Tailscale and Clash: Split Rules and DNS for Routing Conflicts (2026)
You enable Tailscale with an exit node, subnet routes, or MagicDNS, then turn on Clash—and suddenly browsers show timeouts, domestic sites crawl through the wrong outbound, or names resolve to nonsense. This guide is intentionally separate from WSL2 bridge guides, Docker Desktop DNS recipes, Hyper‑V gateway walkthroughs, and pure Linux resolver tuning: it focuses on the overlap between a mesh VPN that owns routes and DNS and a rule-based proxy that also wants routes and DNS. Work in layers—OS routing table first, then split rules and DNS inside Clash—so both stacks stop fighting.
What actually collides
Tailscale installs a userspace or kernel tunnel interface, publishes 100.64.0.0/10-class addresses to peers, can push default routes when you use an exit node, and may advertise subnet routes so your laptop learns paths to LAN segments behind another device.
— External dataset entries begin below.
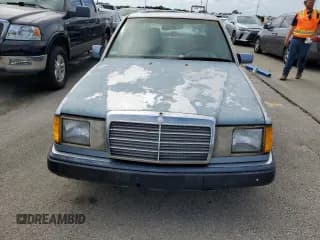 ✅ 1993 Mercedes-Benz 300 • VIN: WDBEA28E6PB876812 • Лот: 75046174. Опубликован ранее на Copart с пробегом 139 641 миль. Бесплатный доступ к архиву аукционных продаж из США и подробный отчёт об истории автомобиля на DreamBid. Изображение 5.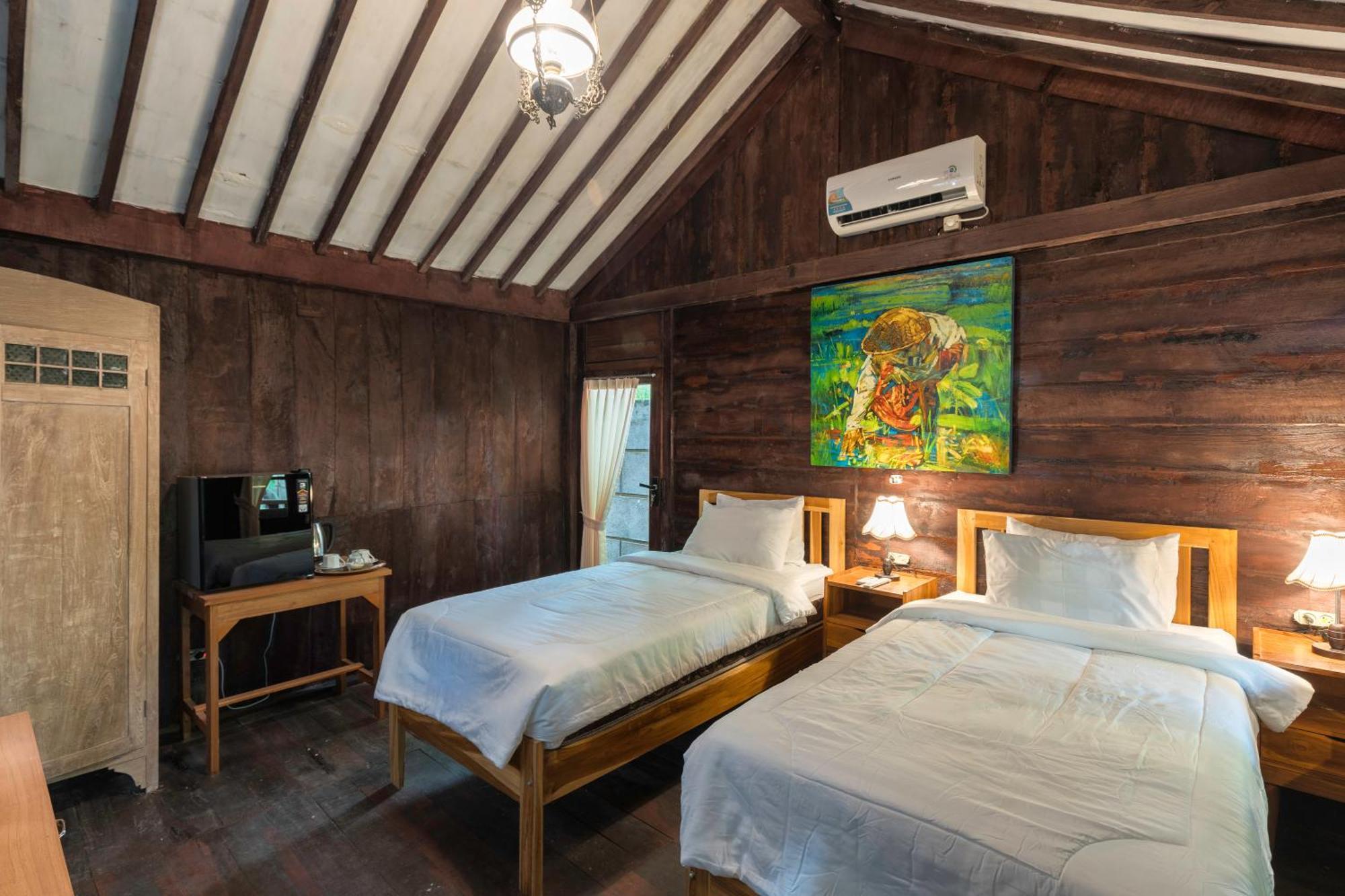 Tahlia'S Villa Sorongjukung Buitenkant foto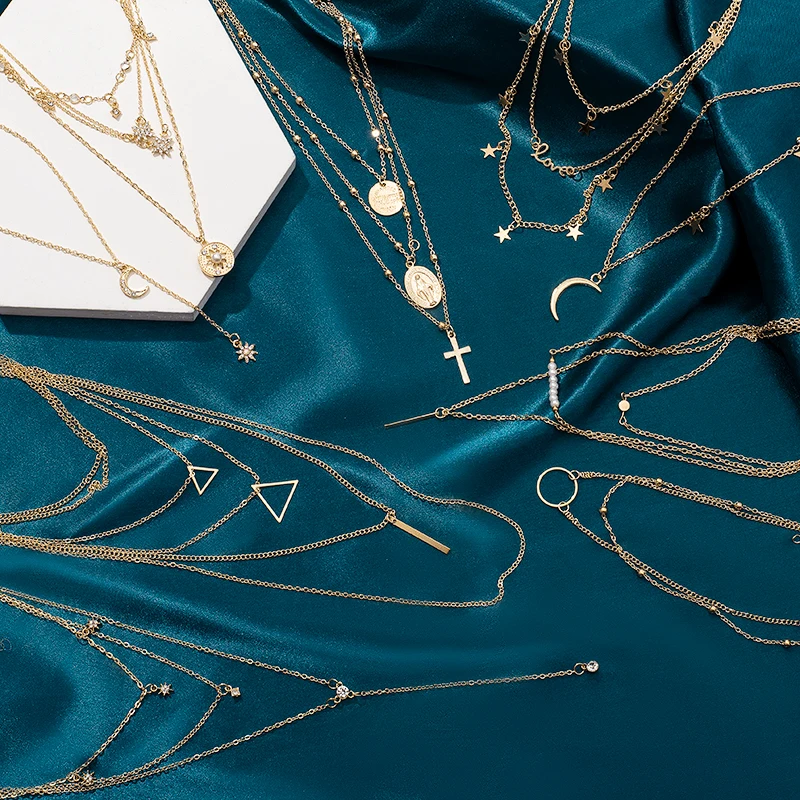 Богемное многослойное ожерелье с подвеской для женщин золотистого цвета Луна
MagicDNS and split DNS features steer certain names toward Tailscale resolvers or peers. Clash, especially in TUN mode, also adds routes, sometimes captures all DNS, and applies split routing through YAML rules. Neither tool is “wrong”; they simply both believe they should own pieces of the same packet path.
Symptoms cluster into three buckets. First, total or partial loss of connectivity—often a competing default route, a blackhole after exit-node toggles, or MTU issues amplified by double encapsulation. Second, domestic or LAN traffic rides the overseas proxy because your catch‑all MATCH fires before narrower GEOIP or DOMAIN slices, or because Tailscale-addressed flows never matched your mental model of “Chinese sites.” Third, odd DNS: MagicDNS names resolve on one machine but not when Clash’s dns block uses fake-ip, or systemd/Windows resolvers disagree about who answers first. The checklist below attacks those buckets in a consistent order so you do not thrash random toggles.
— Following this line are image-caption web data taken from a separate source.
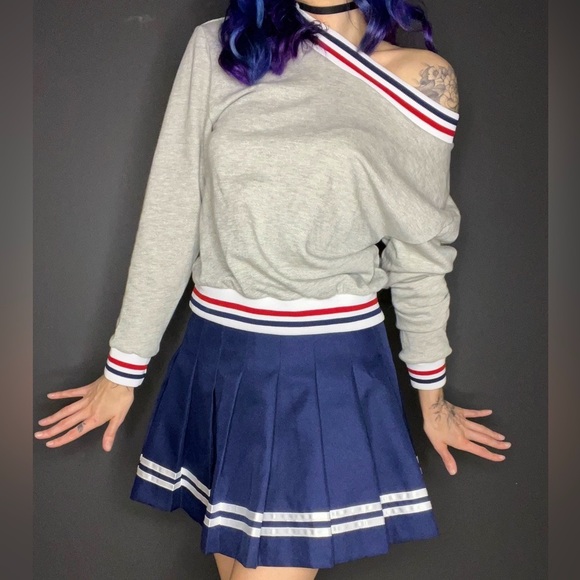 Vintage American Apparel Varsity Raglan Sweatshirt - Picture 4 of 5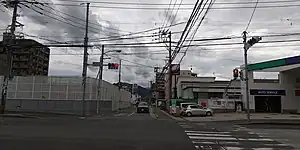 高取飯倉線(荒江三丁目交差点付近、左:荒江、右:原)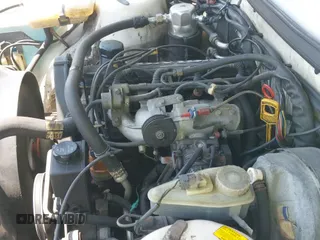 ✅ 1993 Volvo 240 • VIN: YV1AW8803P1949546 • Лот: 42411136. Опубликован ранее на IAAI с пробегом 225 859 миль. Бесплатный доступ к архиву аукционных продаж из США и подробный отчёт об истории автомобиля на DreamBid. Изображение 16.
Step 0 — Freeze the configuration plane
Before editing YAML for the fifth time, write down four booleans: Tailscale exit node on or off, Tailscale advertise/accept subnet routes, Clash TUN versus system proxy, and Clash DNS enhanced-mode (for example fake-ip versus redir-host). Changing two at once guarantees confusion. Prefer validating with a known-good Windows or macOS Clash install so the only variable is Tailscale.
Step 1 — Read the routing table like a network engineer
On Windows, route print -4 and Get-NetRoute -AddressFamily IPv4 | Sort-Object RouteMetric show which default route wins and which interface owns 100.64.0.0/10 traffic. On macOS, netstat -rn -f inet; on Linux, ip route show table main and ip rule. You are looking for duplicate defaults, unexpected interface indexes, or policy rules that send “everything” through a tunnel with no path back.
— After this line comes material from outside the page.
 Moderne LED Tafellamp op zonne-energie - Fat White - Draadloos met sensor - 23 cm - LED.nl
When Tailscale uses an exit node, your default route may point at the tailscale0 (or similarly named) interface. If Clash TUN also installs a high-priority default route, the OS may prefer one interface while application sockets still attach elsewhere—behavior varies by client and auto-route settings. The fix is rarely “more rules”; it is almost always “one authority for the default route at a time,” then explicit exceptions.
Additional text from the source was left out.